Finally, Ms. Ballantyne testified that when TLC received the form requesting information from Dos Palos that did not reference the pursed-lips incident, TLC was obligated to "make [her] aware of [the pursed lips incident]." (Doc. 38, Exh. B, Ballantyne Depo., 197:25-198:3.) Nonetheless, Ms. Ballantyne did not explain how TLC was to accomplish that given there was no reference to the incident on the form or what follow-up TLC was obligated to undertake with Dos Palos under the agreement. (Doc. 38, Exh. B, Ballantyne Depo., 197:25-198:3.) Ms. Ballantyne's testimony does not contain facts that raise a triable issue that TLC's duty to contact former employers included further actions; her testimony constitutes a conclusory allegation that TLC had a duty to discover the pursued-lips incident. One Parcel of Real Property, 904 F.2d at 492 n.3 (conclusory allegations do not suffice to raise triable issues of fact). Drawing all inferences in QBE's favor and construing Ms. Ballantyne's testimony in the light most favorable to QBE, the testimony is insufficient evidence for a reasonable jury to conclude that TLC was obligated to contact prior employers for information beyond that which TLC sought from Dos Palos or to make additional contact with Dos Palos.

As to Ms. Mitchell, she testified that on behalf of its clients, TLC contacted prior employers by sending them a form requesting certain information. (Doc. 38, Exh. C, Mitchell Depo.,66:16-67:13.) She testified that TLC forwarded this form to Dos Palos, Dos Palos completed the form and returned it to TLC, and TLC forwarded the form to Safe Harbor. (Doc. 38, Exh. C, Mitchell Depo.,66:16-67:13; 69:1-23.) She reported that TLC made no personal contact with Dos Palos, and Safe Harbor never requested that TLC contact Mr. Chavez' prior employers in person. (Doc. 38, Exh. C, Mitchell Depo., 68:3-21.) As with Ms. Ballantyne's testimony, this does not provide evidence that TLC was obligated to contact former employers in a manner other than sending the form to Dos Palos, that TLC was to make personal or additional contact with Dos Palos, or that Safe Harbor asked TLC to do so.

QBE offers testimony from Timothy Woodward, a manager of human resources for Dos Palos who was involved in disciplining Mr. Chavez related to the pursed-lips incident. (Doc. 38, Exh. H.) While QBE cites this testimony, QBE does not set forth its relevance. Mr. Woodward explained the pursed-lips incident and his role in disciplining Mr. Chavez (Doc. 38, Exh. H, Woodward Depo., 9:19-11:23), and testified that he reported the incident to his immediate supervisor, the principal of Dos Palos (Doc. 38, Exh. H, Woodward Depo., 12:4-18). Mr. Woodward also testified that if a prospective employer was seeking information, that employer would be directed to Mr. Weagel, the transportation director. (Doc. 38, Exh. H, Woodward Depo., 24:1-25:25.) This is insufficient evidence to establish the extent and nature of TLC's duty in contacting Mr. Chavez' prior employer.

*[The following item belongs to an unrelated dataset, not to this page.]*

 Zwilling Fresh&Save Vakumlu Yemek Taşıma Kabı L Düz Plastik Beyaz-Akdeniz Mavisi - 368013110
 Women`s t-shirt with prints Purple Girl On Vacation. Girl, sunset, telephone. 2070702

Other than QBE's allegation in the complaint that TLC did not "adequately" contact Mr. Chavez' prior employers (Cmplt., Doc. 1, ¶ 37) and QBE's argument in its opposition that the parties dispute the extent to which TLC was obligated to contact Mr. Chavez' prior employers (Doc. 37, 7:15-16), there is no evidence regarding what contact or verification should have been made pursuant to the agreement but was not. Flaherty v. Warehousemen, Garage & Serv. Station Emp.'s Local Union No. 334, 574 F.2d 484, 486 n. 2 (9th Cir. 1978) (assertions made in the complaint, legal memoranda, or oral argument are not evidence and do not create issues of fact). While there is evidence to support a jury finding that TLC had an obligation to contact prior employers, and there is affirmative evidence that TLC did contact Dos Palos, there is insufficient evidence as to the extent of TLC's duty to contact prior employers such that a jury could find that TLC breached the agreement by not discovering the pursed-lips incident.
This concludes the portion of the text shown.